The living (called "the quick") are a minority in High Cromlech. Most are apparently bred and raised on "farms", and are eventually "snuffed and recast as zombies." Some are reared by the thanati, to be "slain and welcomed to dead society" once they come of age. A small fraction of the living are born free, however, and these survive by doing work that is too skilled (or too dangerous) for semi-sentient zombies. Zombies would seem to be High Cromlech's primary workforce.

At the bottom of High Cromlech's social ladder are the "vampir", which are referred to as "ab-dead" to distinguish them from the thanati. Based on Doul's description, the vampir are apparently considered little more than vagrants and addicts. He depicts them as living in  shanty towns, coming out at night to beg the living for blood.

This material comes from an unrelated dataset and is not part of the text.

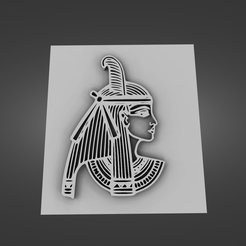 output-2023-05-29T171159798-render.png Fichier STL Timbre Cléopâtre・Modèle imprimable en 3D à télécharger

 Khadoh  Khadoh's merchants trade with New Crobuzon.

 Maru'ahm  Maru'ahm is apparently found on the western side of the Rohagi continent, beyond the Cacotopic Stain. In Perdido Street Station, it is said to be ruled by a casino-parliament, "where laws were stakes in games of roulette." This rumor is affirmed in Iron Council, where a character who visited Maru'ahm claims he played for such stakes as property laws and "a whole pot of legislation." This same character mentions a queen and "cardsharp senators", implying that Maru'ahm's government is some form of constitutional or elective monarchy.

 New Crobuzon  The city-state of New Crobuzon is a major plot device for all three of the Bas-Lag novels, and a substantial part of the Bas-Lag setting. It is situated at the confluence of the Rivers Tar, Canker and Gross Tar, about ten miles (16 km) west of the Swollen Ocean. Though a self-styled parliamentary republic, New Crobuzon's government more closely resembles an oligarchy with strong imperialistic ambitions. The political system of New Crobuzon is hugely biased towards the human majority and only those ranked higher in society, along with a few others elected in a "suffrage lottery" are allowed to vote. The "Fat Sun" party rules in all the Bas-Lag novels, but other political parties include the xenophobic "New Quill" (called "Three Quills" in Perdido Street Station) and the xenotolerant "Diverse Tendency"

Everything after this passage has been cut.